А может, я жду Ядзю с улицы, желтокосую богородицу, которая, пожалуй, так никогда и не постареет, и это будет с ее стороны доказательством существования бога живого. И я буду убежден в ее божественном происхождении, расспросив ее:
"А сколько же тебе лет, Ядзя?"
"Двадчать".
"А сколько было тебе пять лет назад?"
"Двадчать".
"А сколько тебе будет через десять лет?"
"Двадчать".
Вот видите! А вы не верите в чудо. Теперь убедились, что бог дает женщинам вечную молодость, только мы, недоумки мужчины, этого не замечаем!..

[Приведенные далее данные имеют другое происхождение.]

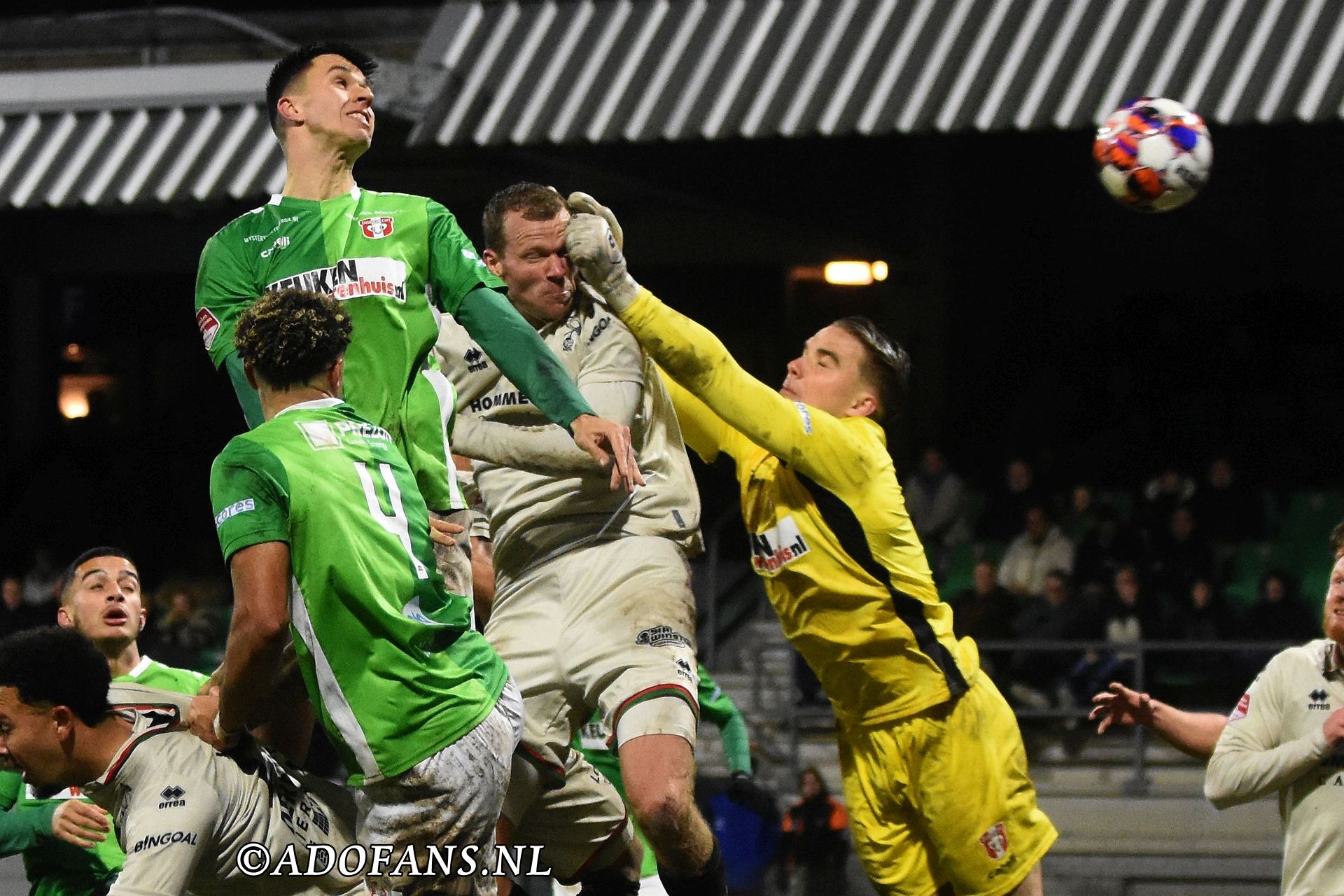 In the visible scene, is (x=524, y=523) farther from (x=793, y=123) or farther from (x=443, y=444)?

И зачем это я описываю здесь вечную молодость и панну Ядзю? А для того, чтобы вас, и соседа вашего, и меня вместе с вами, и тех, кто будет после нас, постоянно иссушала жажда непознанной красоты! Ведь это единственное божественное начало в человеке - неугасимая тоска по красоте. Работать могут даже волы - за охапку сена и пару ведер воды. Работать могут и муравьи, возводя свою державу конусом (в этом они подражают нам, людям, с нашими "пирамидами"). Спариваются даже мыши. В единоборство за самку вступают все - от петуха до оленя. Только их любовь заканчивается актом творения себе подобных. Одни только люди в состоянии обожествлять свою любимую, адресуясь в столетия и пылая, страдая ее красотой в сонетах Петрарки. И ничего нет выше этого обожествления, и счастья нет сладостнее, чем счастье разделенной любви людей. Беднейший хлебороб, набожно прикладывающийся устами к грудям жены, счастливей немощного плотью царя, которого не разогреют и тридцать одалисок. И все же этому царю не следует испить чашу с цикутой - пока живет в нем чувство красоты и вечная тоска по ней. И ей-богу, правы шутники, утверждающие, что невозможно познать всех женщин, но стремиться к этому надо постоянно. Хотя бы мысленно. До самой смерти!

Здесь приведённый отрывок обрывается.